Charlie Hebdo Hammered For Alan Kurdi Cartoon

CNN has a decent, general wrap-up of fresh anger aimed at the cartoon-heavy Charlie Hebdo magazine, which published a cartoon from acting editor Laurent Sourisseau aka "Riss" portraying the dead Syrian refugee child Alan Kurdi as one of the people that participated in the mass groping in Cologne. Everything that everyone feels about this is going to come from a place of privilege and remove and I'm at superhuman level of both here so please bear with me.

I think it's fitting for people to have a negative reaction to the cartoon. I did, too. I would not have run it. I think it's a bad cartoon. It doesn't score a clear point worth making for its employment of its strong, upsetting imagery, and thus it feels more like one of those cartoons where the use of strong imagery becomes justified because it's protected, not for its value to communicate a point. That's almost always a deeply problematic place from which to make art. In cases where a good cartoon is involved in an uproar, you can immediately pivot to at least the skeleton of the work's meaning. It's hard here. You have to figure it out. You have to make a supposition: commentary of fickleness of press, commentary on how we humanize certain images and not others, perhaps even deploring the lack of continuity in policy. If you don't make clear a meaning, you forfeit some control over what meaning is chosen on your behalf. It's a form of hubris that gets you to racism, to sexism, to classism, to all sorts of ugly places whether you intended to visit or not.
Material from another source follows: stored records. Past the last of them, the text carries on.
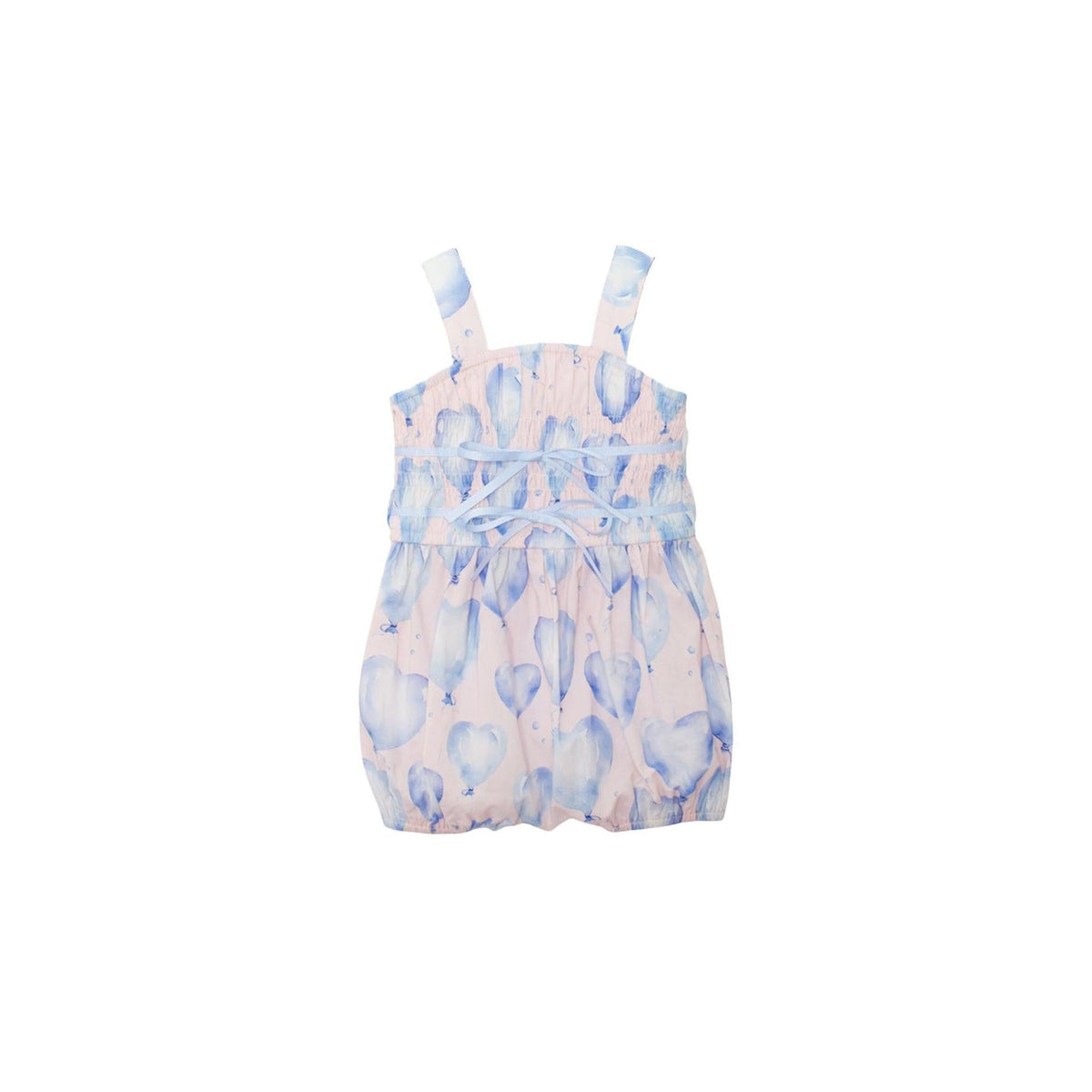Up and Away Baby Girl Romper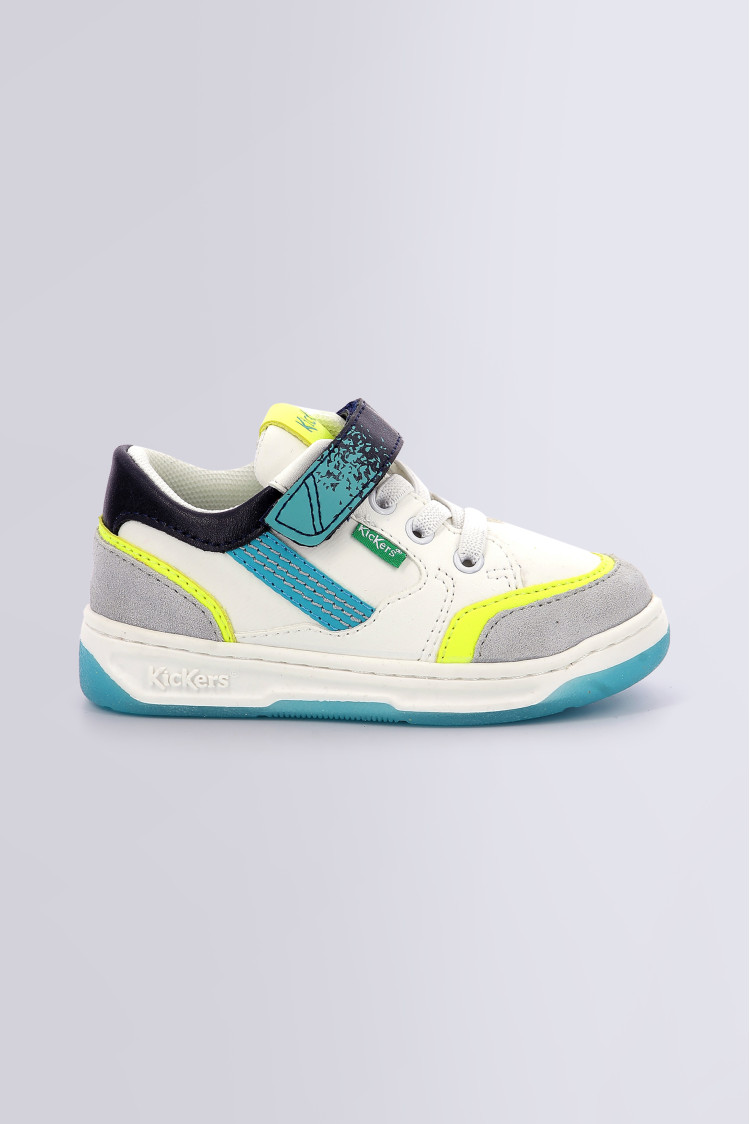 KOUIC BLANC GRIS FLUO KOUIC BLANC GRIS FLUO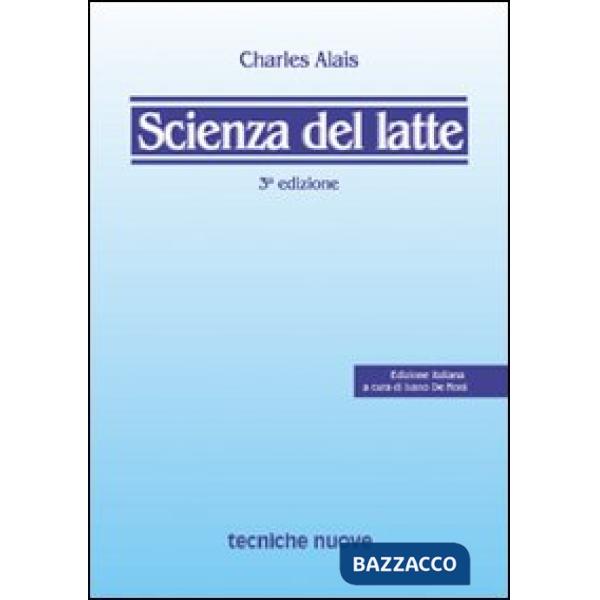 Scienza del latte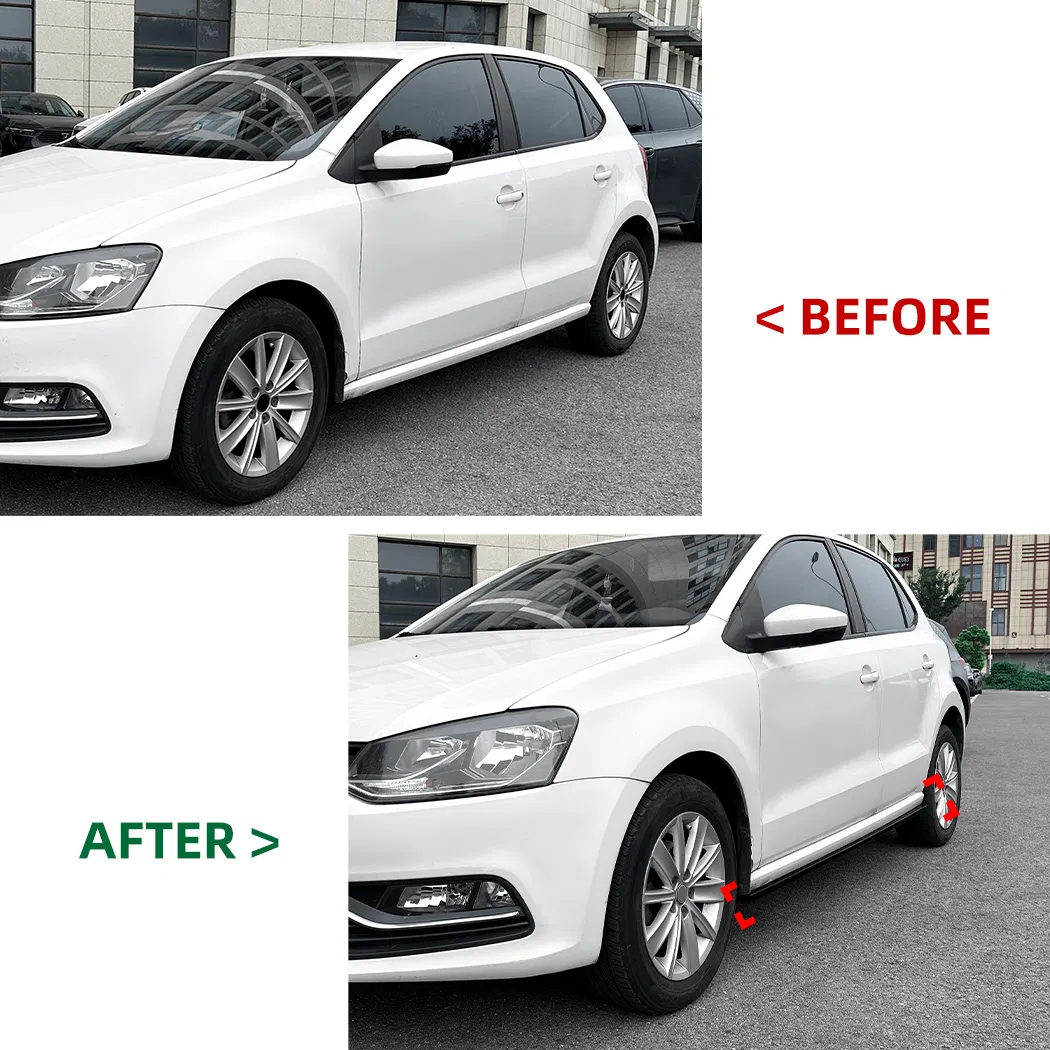 ABS Side Skirts Detail 2
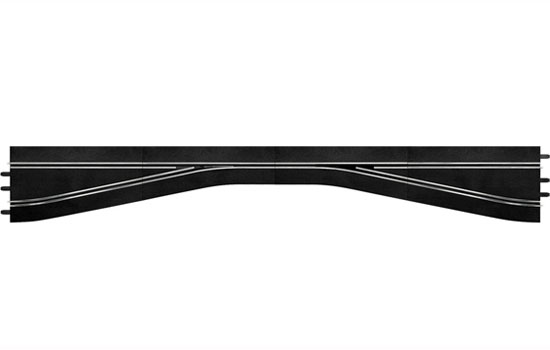 Carrera Chicane digitale, gauche
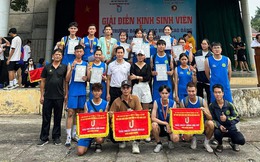Học viện Nông nghiệp Việt Nam đoạt Nhất toàn đoàn tại giải Điền kinh sinh viên các trường Đại học, Học viện và Cao đẳng khu vực Hà Nội 2023
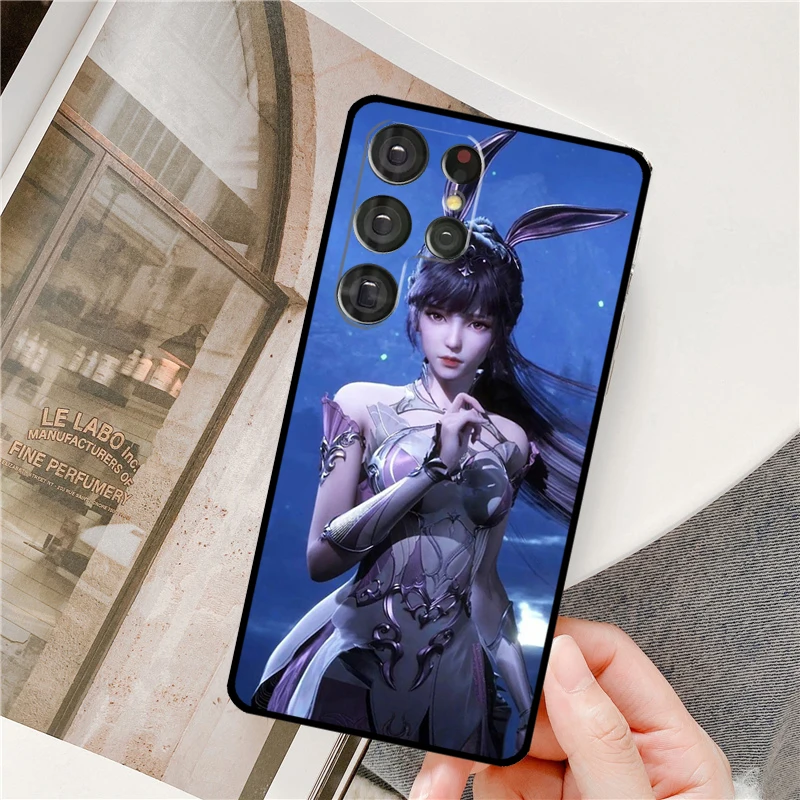 Douluo Dalu Soul land For Samsung Galaxy S23 S22 Ultra S21 Ultra Note 20 S20 FE S8 S9 S10 Note 10 Plus Phone Case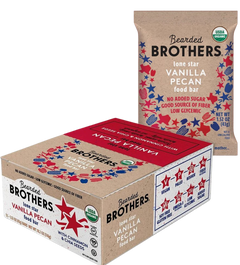 Vanilla Pecan Food Bar (12 Pack)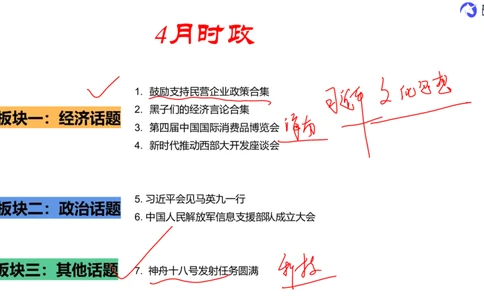 5月6日-时政速递-4月份时政（带痕迹版）_2026考公资料_（49）政治理论合集_政治理论合集_2025考研政治_01.徐涛曲艺_07.时政速递_01.每月时政_00.讲义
At the same time, I'm not of the mind to read a lot into a shitty cartoon other than it being a shitty cartoon. I'll keep in mind that every reading isn't my own. More generally, as I can't imagine the cartoonist made the cartoon to kick the shit out of the memory of a dead child, this makes me suspect the cartoon is better judged a failure than a purposeful affront. I think this matters. I'm not a humor expert, I don't have thousands of examples to rattle off, but I suspect the intent via its subject was similar to Eddie Murphy's Buckwheat routine from the early '80s: a commentary on context rather than a savaging of its vehicle. I also don't see this as an a-ha moment for revealing the Charlie Hebdo gang as being turdballs and that this has an effect on whatever argument from last year. A joke like this seems entirely within their established purview, although maybe a little less so than the strong current of humor explained by the French preoccupation with anti-clerical blasphemy. Still, you give me three guesses where that cartoon appeared, and I wouldn't have needed the second or the third.

I prefer that bad art exist. I find valuable and deplorable art that missteps as well as art that is ugly to its core. It's more common than you think. Heck, I've worked in an industry whose market leaders have been suggesting violence as a luridly attractive conflict resolution system directly to children for decades and decades now. And just as these four graphs might be thundered against as undeniable displays of two different, equally untenable positions or as a milquetoast dance around the whole shebang, the only solution I can suggest in any case is confrontation, criticism, analysis and context. And then, as we move on: memory.